This recipe for quick-broiled salmon on a bed of tomato and bell pepper sauce is a two-for-one.
The pepper sauce is a great complement to the salmon, but you can also use it to dress up pork chops or chicken.

Ingredients
3 tablespoons olive oil
2 red bell peppers, seeded and thinly sliced
1 medium yellow onion, thinly sliced
1 tablespoon minced garlic
3/4 cup tomato juice
2 tablespoons tomato paste
salt and black pepper
1 1/2 pound salmon fillet, cut into serving portions

Directions
Heat 2 tablespoons of the oil in a skillet over medium-low heat. Add the bell pepper and onion. Cook, stirring frequently, until the peppers and onions are soft, about 5 minutes.
Add the garlic and cook for 2 more minutes.
Stir in the tomato juice, tomato paste, and a pinch each of salt and pepper. Cook, stirring occasionally, for 15 minutes.

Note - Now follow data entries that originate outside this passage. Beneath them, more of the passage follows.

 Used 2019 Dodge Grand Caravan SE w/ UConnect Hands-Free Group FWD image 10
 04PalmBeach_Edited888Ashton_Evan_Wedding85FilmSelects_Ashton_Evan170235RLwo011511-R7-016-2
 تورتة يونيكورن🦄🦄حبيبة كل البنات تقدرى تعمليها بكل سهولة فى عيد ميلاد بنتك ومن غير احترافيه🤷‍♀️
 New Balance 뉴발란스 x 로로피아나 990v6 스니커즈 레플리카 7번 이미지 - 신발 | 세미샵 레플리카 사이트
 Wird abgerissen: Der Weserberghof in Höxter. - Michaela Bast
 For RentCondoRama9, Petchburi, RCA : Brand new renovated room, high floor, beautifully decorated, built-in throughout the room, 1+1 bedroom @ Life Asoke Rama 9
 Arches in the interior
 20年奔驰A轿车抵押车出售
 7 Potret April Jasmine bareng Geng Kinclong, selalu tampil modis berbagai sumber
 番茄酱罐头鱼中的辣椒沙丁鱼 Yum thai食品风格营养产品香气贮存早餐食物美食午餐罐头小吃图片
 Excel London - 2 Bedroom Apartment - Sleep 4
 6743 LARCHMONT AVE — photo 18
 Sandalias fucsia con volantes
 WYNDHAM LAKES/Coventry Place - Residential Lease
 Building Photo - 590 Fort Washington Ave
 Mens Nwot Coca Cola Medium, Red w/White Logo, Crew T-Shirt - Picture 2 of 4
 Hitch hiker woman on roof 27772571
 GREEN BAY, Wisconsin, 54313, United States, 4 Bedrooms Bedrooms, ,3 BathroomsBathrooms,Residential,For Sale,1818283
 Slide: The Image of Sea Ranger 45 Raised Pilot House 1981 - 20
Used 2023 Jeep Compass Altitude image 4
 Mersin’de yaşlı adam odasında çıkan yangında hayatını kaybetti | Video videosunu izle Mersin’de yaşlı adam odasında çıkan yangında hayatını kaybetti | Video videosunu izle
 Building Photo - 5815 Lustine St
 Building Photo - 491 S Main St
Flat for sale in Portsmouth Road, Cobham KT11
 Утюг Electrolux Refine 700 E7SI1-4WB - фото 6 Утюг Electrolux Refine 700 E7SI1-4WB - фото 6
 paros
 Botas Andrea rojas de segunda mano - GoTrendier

Meanwhile, preheat the oven broiler.
Season the salmon with salt and pepper. Add the remaining oil to an oven-proof skillet over medium-high heat. When hot, add the salmon. Cook for 2 minutes or until the fish is lightly browned on the underside.
Place the skillet in the oven under the broiler. Broil for 3-4 minutes then turn the fish fillets over. Continue cooking until the fish flakes easily with a fork, about 2 more minutes (will depend on the thickness of the fish).
Remove the skillet from the oven. Serve the salmon fillets with the piperade sauce.